第6课：无限对话——上下文压缩三层策略

上下文窗口有限，但Agent任务无限。三层压缩策略——micro_compact静默裁剪、auto_compact自动摘要、compact工具手动触发——让Agent在大项目中永不断档。

系列导读

这是**《12课拆解Claude Code架构》系列的第 6 课，也是阶段二：规划与知识**的收官课。

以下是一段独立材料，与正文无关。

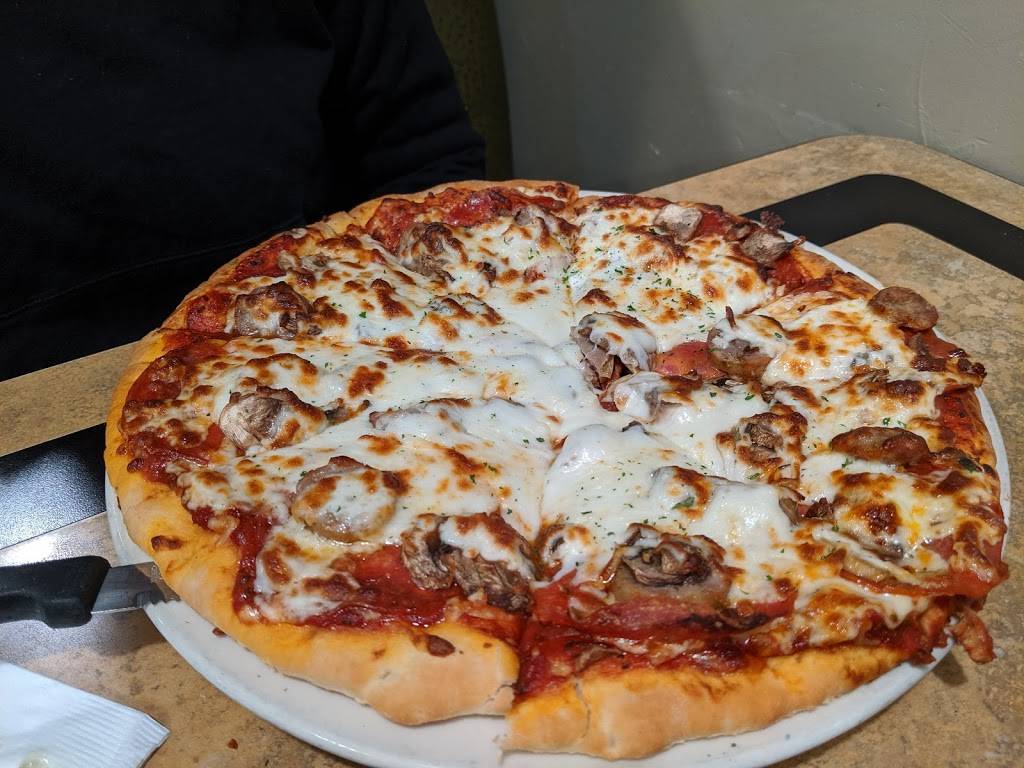 Joeseppis Italian Ristorante & Catering | restaurant | 2207 N Pearl St, Tacoma, WA 98406, USA | 2537615555 OR +1 253-761-5555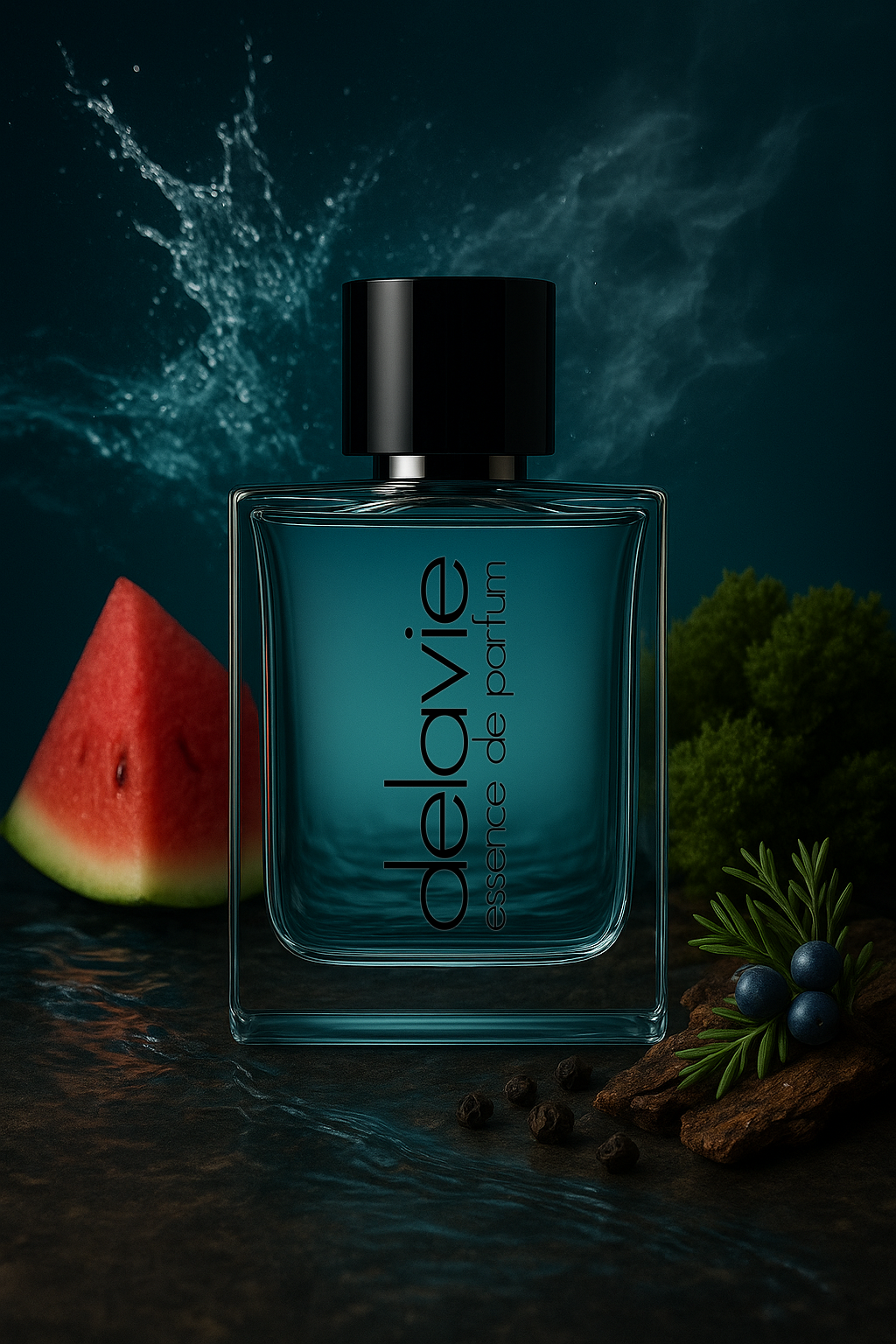 294 ~ frisch-fruchtig ♂️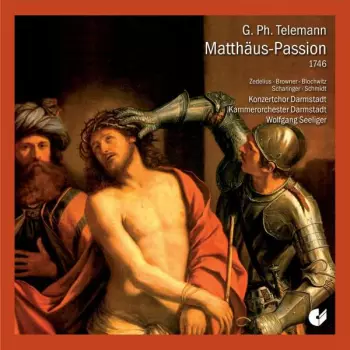 Matthäus-Passion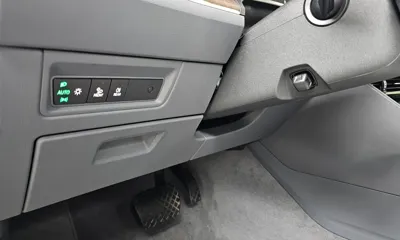 Volkswagen Touareg 2026, 7394 км, за 86900000 KRW - фото 28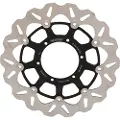 Galfer Df062cw Wave Flydende Bremseskive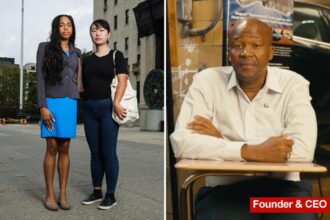 Exclusive | NYC green-job grifter owes nearly M to stiffed students, lawsuit alleges: ‘This ends now’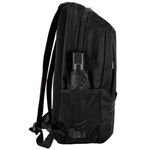 87976 - Mochila Swissmobility Smith Porta Laptop 15 6" Negro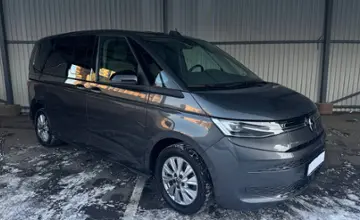 Volkswagen Multivan 2022 года за 175 500 BYN в Минск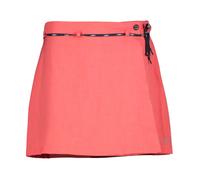 Cmp 32c6396m Skirt Rosso 2XS Donna Red Kiss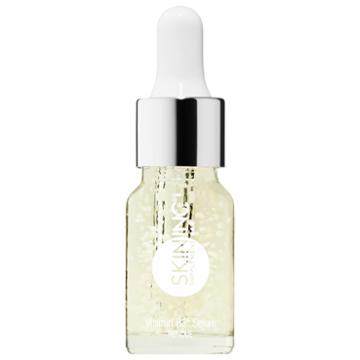 Skin Inc Supplement Bar Vitamin B3+ Niacinamide Serum Rescue Troubled Skin 0.34 Oz 0.34 Oz/ 10 Ml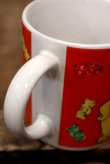 画像5: ct-180901-189 HARIBO / Golden Bear 2000's Mug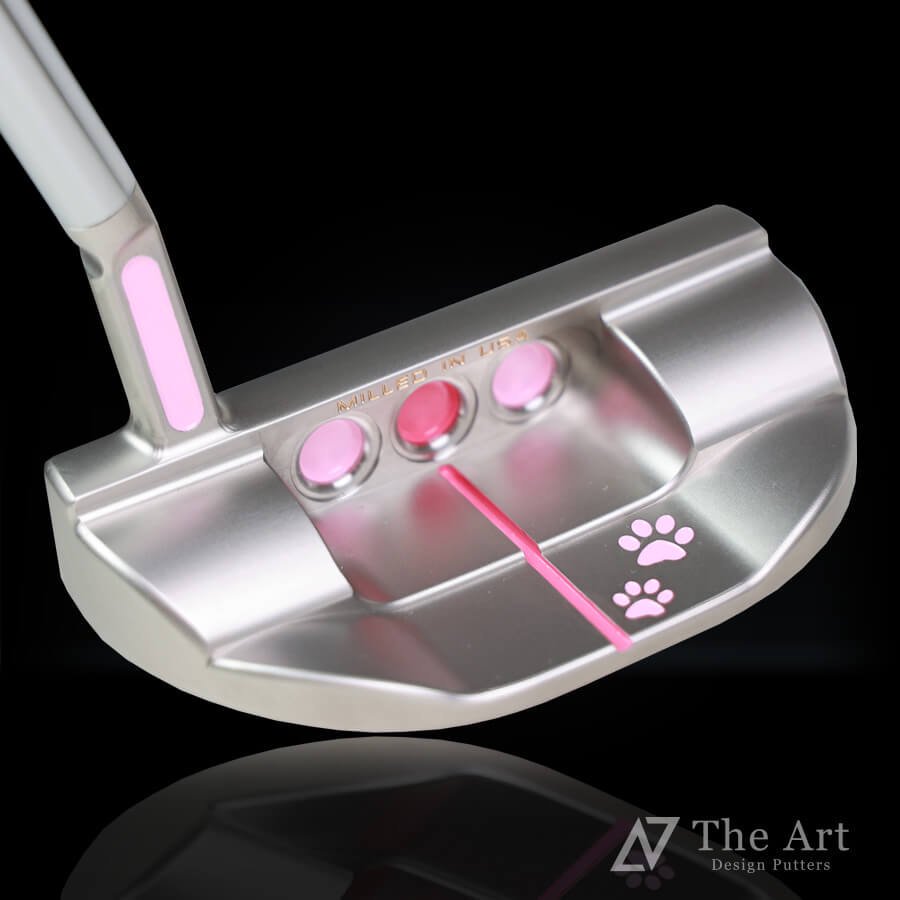 åƥ (SCOTTY CAMERON) 2023 ѡ쥯 եȥХå1.5 [Toy Poodle] M+ ٥ӡԥ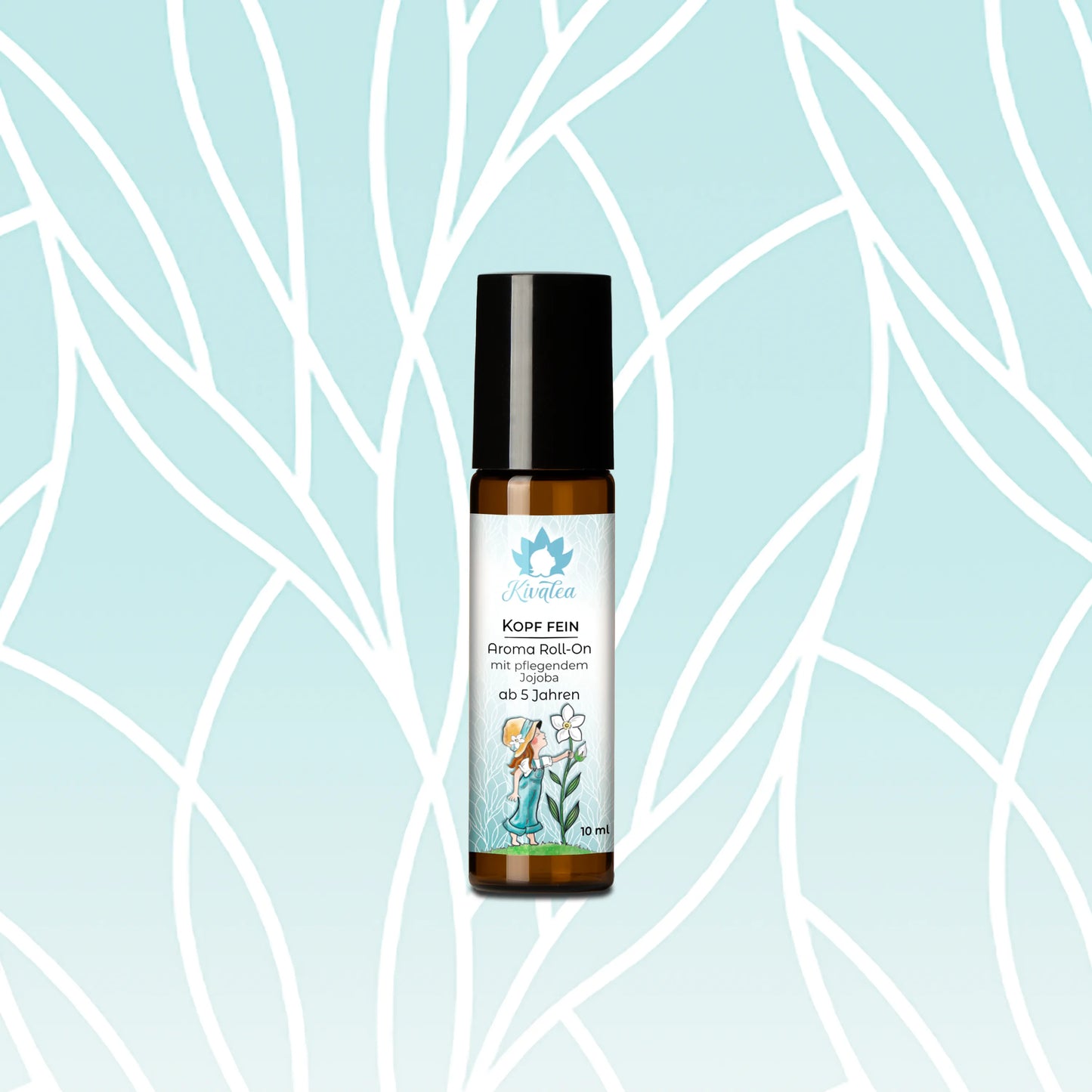 Roll-On Kopf Fein 10ml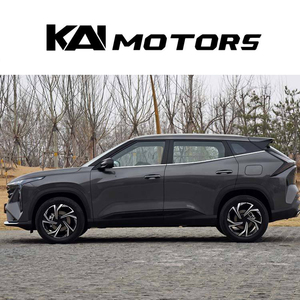 2024 עבור geely boyue מגניב <span class=keywords><strong>suv</strong></span> fx 1.5td + 7dct cma פלטפורמה אירו vi שמאל יואי עור מושבי בטיחות מכונית בנזין חדש תוצרת סין - Product Image 3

前五课我们造了一个有工具链、规划系统、子Agent隔离和技能加载能力的Agent。但有一个定时炸弹一直在倒计时——上下文窗口总会满。

第 6 课的格言：

"上下文总会满，要有办法腾地方"

这一课，我们给Agent装上三层压缩策略，让对话理论上可以无限进行。

上下文爆炸：一个算术问题

Claude 的上下文窗口是 200k token。听起来很大，但算一笔账：

操作	Token 消耗
读一个 1000 行源码文件	~4,000 token
一次 `ls -la` 输出	~500 token
一次 pytest 输出	~2,000 token
一个中等 JSON 配置	~1,500 token

一个典型的 "帮我重构这个模块" 任务：

读 5 个文件      → 20,000 token
跑 10 次命令     → 15,000 token
写 3 个文件      → 12,000 token
来回 8 轮对话    → 8,000 token
系统提示 + 工具定义 → 5,000 token
───────────────────────────
合计：             ~60,000 token

一个任务就吃掉 30% 的窗口。如果不压缩，三四个任务之后 Agent 就满了——要么报错，要么被迫丢弃最早的消息，丢的可能恰好是关键上下文。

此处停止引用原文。